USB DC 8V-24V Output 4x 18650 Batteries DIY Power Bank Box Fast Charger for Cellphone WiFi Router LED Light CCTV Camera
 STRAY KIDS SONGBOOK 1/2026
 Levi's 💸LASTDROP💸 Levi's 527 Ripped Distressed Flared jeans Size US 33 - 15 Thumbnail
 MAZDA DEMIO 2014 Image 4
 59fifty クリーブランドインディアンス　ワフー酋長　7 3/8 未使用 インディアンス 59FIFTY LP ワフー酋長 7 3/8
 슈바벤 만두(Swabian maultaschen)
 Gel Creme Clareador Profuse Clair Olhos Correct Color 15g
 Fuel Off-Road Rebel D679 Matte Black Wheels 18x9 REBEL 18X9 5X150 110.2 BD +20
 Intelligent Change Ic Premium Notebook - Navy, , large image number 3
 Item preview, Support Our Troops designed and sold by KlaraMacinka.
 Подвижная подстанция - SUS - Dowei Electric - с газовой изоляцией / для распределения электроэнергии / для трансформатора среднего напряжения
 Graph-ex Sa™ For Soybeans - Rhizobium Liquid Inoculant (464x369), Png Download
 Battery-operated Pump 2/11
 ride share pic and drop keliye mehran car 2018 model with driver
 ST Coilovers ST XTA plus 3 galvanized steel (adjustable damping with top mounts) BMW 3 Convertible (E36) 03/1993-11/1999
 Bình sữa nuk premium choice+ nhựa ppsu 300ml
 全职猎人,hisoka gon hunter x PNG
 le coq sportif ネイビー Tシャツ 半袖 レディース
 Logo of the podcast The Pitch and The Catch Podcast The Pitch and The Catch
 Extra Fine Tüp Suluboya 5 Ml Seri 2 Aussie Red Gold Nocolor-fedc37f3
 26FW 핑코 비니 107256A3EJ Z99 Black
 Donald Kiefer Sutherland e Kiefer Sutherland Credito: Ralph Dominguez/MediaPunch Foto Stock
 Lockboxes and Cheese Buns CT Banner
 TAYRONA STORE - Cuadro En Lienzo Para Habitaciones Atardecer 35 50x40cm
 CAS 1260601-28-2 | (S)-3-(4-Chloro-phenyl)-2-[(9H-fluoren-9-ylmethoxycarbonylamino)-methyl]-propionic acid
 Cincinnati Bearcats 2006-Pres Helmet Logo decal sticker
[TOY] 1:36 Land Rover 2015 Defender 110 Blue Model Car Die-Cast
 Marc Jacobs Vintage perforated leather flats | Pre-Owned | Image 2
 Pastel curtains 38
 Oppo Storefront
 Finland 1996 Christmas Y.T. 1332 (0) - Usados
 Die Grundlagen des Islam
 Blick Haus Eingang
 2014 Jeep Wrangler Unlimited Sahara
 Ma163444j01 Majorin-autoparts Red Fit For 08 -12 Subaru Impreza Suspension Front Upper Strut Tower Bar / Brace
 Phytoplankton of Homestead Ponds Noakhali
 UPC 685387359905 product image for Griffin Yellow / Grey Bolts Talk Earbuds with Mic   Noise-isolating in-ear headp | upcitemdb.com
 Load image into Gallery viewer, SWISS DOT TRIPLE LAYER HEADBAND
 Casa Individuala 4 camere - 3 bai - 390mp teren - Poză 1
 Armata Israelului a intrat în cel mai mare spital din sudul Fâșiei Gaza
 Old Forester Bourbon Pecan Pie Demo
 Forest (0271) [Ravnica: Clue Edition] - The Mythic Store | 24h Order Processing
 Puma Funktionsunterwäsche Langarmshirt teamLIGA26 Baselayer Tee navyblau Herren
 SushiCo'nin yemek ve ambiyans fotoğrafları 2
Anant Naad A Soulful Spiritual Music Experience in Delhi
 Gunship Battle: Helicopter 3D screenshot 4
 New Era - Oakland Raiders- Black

*****

# What is required
Please transcribe exactly the lines above from the line that has "Levi's 💸LASTDROP💸 Levi's" up to and including the line that has "Item preview, Support"; no other line belongs in the answer.

# Reply to the task
 Levi's 💸LASTDROP💸 Levi's 527 Ripped Distressed Flared jeans Size US 33 - 15 Thumbnail
 MAZDA DEMIO 2014 Image 4
 59fifty クリーブランドインディアンス　ワフー酋長　7 3/8 未使用 インディアンス 59FIFTY LP ワフー酋長 7 3/8
 슈바벤 만두(Swabian maultaschen)
 Gel Creme Clareador Profuse Clair Olhos Correct Color 15g
 Fuel Off-Road Rebel D679 Matte Black Wheels 18x9 REBEL 18X9 5X150 110.2 BD +20
 Intelligent Change Ic Premium Notebook - Navy, , large image number 3
 Item preview, Support Our Troops designed and sold by KlaraMacinka.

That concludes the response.